Duquette clearly hit paydirt by trading for and re-signing Pedro Martinez. Regardless of his injury problems, when healthy (which has been often enough) Martinez has almost singlehandedly made a contender out of the Sox. The wisdom of Duquette's other big free agent signing, Manny Ramirez, has yet to be determined. Ramirez is fairly young and extremely talented. What remains to be seen is whether his injury prone body can hold up over the life of the contract. An even greater concern is whether his fragile, moody, and childlike psyche can withstand the rigors of the toughest local media and fan base in baseball. Let's not forget this is the same town that booed Ted Williams. From the raging alcoholic Dave Egan in the 1940s, to Bob Ryan today, Boston has had a long tradition of writers determined to find fault in anyone and anything.

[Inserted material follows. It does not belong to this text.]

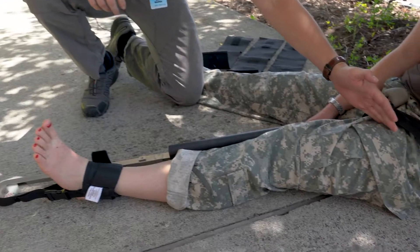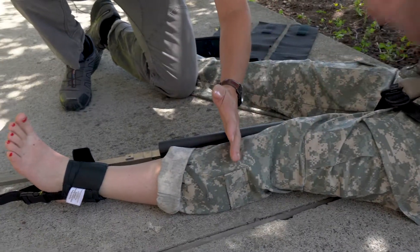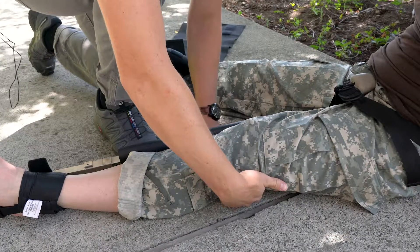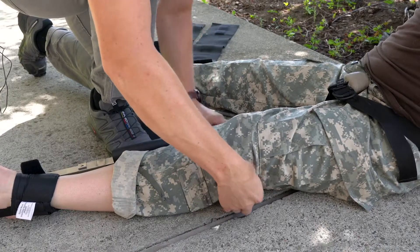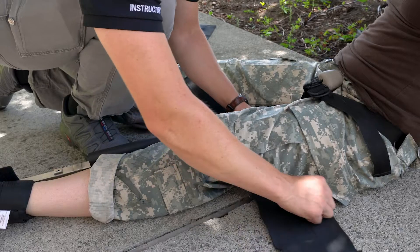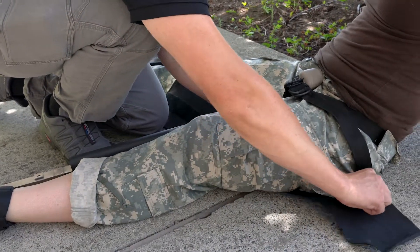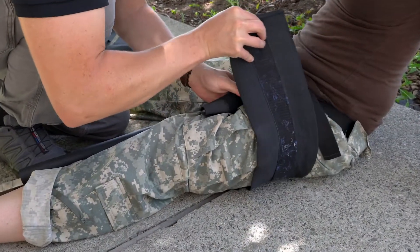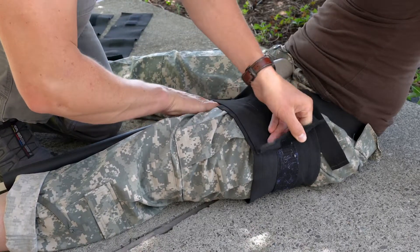The longest strap goes highest on the patient's leg, the second longest goes just above the knee, and the shortest just below the knee. There's a void underneath the patient's knee — it's usually an easy place to slide the strap underneath. When coordinating with your partner holding manual stabilization, use a zigzag motion to position, place, and tighten the strap without causing unnecessary displacement.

Duquette's two most controversial decisions were letting two legendary homegrown free agent walk; Mo Vaughn and Roger Clemens. Clemens has had three 20-win Cy Young seasons since his departure, although its probably fair to say that it his unceremonious dumping lit a fire under him. I do think his poor '96 was an aberration, but I don't think he would have done quite as well had he stayed in Boston. Mo Vaughn has failed poorly in California, although his injury plagued '99 season was a result of a freak accident that was ballpark-specific. Still, signing heavy-set 30-year olds to long-term contracts has never been a wise strategy.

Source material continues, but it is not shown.